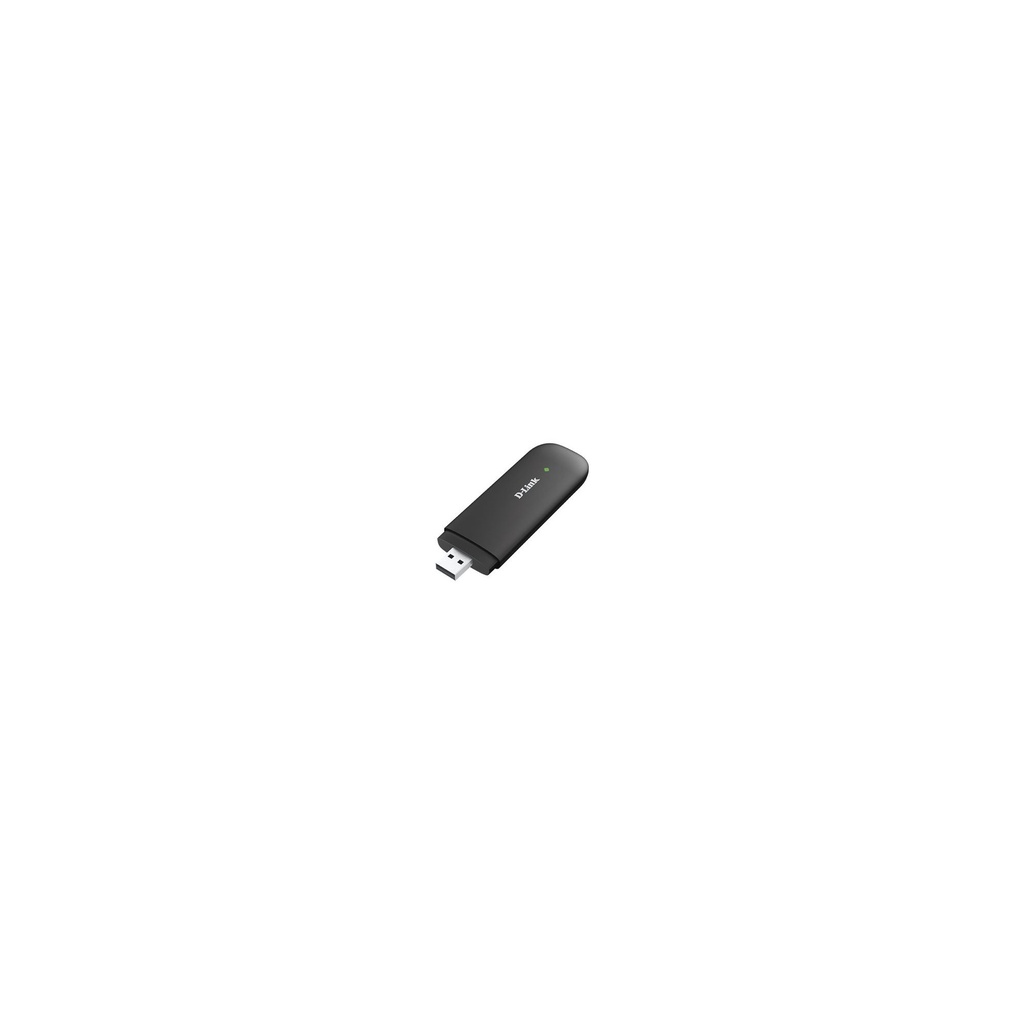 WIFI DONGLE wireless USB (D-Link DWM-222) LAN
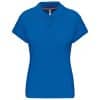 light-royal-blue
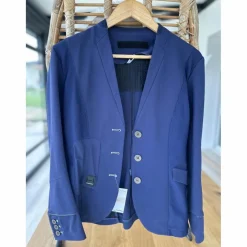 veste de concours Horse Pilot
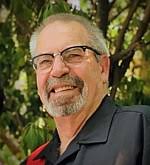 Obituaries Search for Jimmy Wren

_ _ _ _ _ _ _

=== WHAT IS EXPECTED ===
Copy, exactly and exclusively, the lines beginning with the one that contains "veste de concours Horse Pilot" and ending with the last line of the listing; pictures are to be omitted.

=== YOUR RESPONSE ===
 veste de concours Horse Pilot
 Obituaries Search for Jimmy Wren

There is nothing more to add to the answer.